Convicts who must register as sex offenders are subject to restrictions on where they may live, work, and their privacy. But it may surprise you that different states have different requirements for which crimes require a convict to register as a sex offender.
Here are a few highlighted examples of which crimes require sex-offender registration:
In every state in the nation, a person convicted of forcible rape is required to register as a sex offender. Most states will also force juveniles and adults found guilty of statutory rape to register as sex offenders. However, for a minor found guilty of statutory rape for sex with another minor, the requirement for registration as a sex offender may be waived under a "Romeo and Juliet" law.
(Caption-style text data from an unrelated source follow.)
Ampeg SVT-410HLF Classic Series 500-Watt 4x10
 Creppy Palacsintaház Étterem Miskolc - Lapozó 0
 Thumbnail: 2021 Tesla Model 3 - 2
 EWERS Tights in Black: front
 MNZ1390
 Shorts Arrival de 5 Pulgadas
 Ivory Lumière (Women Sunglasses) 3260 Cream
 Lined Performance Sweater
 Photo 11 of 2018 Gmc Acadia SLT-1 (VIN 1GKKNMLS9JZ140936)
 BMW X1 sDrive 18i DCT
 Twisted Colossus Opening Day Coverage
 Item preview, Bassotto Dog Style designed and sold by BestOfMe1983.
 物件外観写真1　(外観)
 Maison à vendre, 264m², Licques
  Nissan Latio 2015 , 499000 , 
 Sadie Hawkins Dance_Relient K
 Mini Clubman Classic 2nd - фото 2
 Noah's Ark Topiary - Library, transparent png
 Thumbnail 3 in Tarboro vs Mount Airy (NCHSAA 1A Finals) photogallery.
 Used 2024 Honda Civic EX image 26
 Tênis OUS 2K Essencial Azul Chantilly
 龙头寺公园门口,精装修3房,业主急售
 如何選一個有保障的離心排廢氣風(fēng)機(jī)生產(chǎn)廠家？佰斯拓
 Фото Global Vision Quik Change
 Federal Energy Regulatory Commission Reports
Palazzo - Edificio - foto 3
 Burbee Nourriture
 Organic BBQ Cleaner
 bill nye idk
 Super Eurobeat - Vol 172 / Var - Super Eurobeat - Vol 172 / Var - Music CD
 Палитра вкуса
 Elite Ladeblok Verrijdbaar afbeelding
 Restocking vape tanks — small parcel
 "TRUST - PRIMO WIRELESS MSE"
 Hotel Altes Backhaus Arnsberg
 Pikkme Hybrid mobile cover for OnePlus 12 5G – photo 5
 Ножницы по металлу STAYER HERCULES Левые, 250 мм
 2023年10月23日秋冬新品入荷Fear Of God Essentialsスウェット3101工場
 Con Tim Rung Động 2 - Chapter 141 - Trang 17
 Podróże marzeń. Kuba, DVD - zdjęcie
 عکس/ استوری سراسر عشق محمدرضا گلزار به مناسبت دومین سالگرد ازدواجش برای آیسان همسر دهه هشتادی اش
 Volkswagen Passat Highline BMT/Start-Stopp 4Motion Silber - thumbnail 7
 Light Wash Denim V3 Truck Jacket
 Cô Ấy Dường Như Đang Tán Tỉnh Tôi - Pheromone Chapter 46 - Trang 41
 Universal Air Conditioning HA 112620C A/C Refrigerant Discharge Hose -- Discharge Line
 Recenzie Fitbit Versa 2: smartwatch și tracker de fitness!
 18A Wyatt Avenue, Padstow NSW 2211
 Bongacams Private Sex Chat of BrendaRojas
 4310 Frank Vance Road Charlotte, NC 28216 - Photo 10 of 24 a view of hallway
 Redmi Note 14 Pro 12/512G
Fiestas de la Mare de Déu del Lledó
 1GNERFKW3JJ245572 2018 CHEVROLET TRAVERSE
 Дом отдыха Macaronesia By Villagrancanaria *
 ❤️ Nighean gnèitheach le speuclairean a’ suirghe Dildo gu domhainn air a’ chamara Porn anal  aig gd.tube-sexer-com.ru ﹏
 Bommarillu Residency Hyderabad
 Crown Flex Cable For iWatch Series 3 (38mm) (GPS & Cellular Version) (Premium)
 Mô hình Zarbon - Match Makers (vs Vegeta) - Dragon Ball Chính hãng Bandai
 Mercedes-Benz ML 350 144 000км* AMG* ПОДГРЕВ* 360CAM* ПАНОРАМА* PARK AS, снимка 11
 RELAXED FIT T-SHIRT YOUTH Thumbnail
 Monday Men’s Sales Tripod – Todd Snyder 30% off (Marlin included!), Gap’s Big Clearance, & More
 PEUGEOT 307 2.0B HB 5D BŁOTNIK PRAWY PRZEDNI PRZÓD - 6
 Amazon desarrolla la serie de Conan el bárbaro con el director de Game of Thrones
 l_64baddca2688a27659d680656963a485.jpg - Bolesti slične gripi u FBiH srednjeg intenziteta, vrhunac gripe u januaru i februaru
Child molestation, sexual assault, or child kidnapping are generally crimes for which sex-offender registration is required. Some states may even require those found guilty of serious property crimes to register as a sex offender if there was a child-endangerment or sexual component to the crime. For example, Texas requires those convicted of burglary with intent to commit a child or sex crime to register as sex offenders.
Consensual sexual acts may also require sex-offender registration depending on a state's laws. New York law prohibits intercourse, oral, or anal sexual conduct with a relative -- even through marriage -- and requires incest convicts to register as sex offenders. Some states still maintain sodomy bans, which typically prohibit any sort of oral or anal sex. For example, although Georgia's ban on sodomy was struck down by the Georgia Supreme Court in 1998, sodomy is still listed a "dangerous sexual offense," right alongside rape and child molestation, and requires sex-offender registration.
There are many ways to be nude without being convicted of indecent exposure, but indecent exposure convicts may have to register as sex offenders. Even Californians who are slapped with an indecent exposure conviction will have to register. As it relates to indecent exposure, even public urination can potentially force a perpetrator to register as a sex offender. According to a Human Rights Watch 2007 report, 13 states require sex-offender registration for public urination crimes.
Each state's sex offender registry is more complex than these broad strokes, and a criminal defense attorney in your area can help you sort out which crimes may require registration.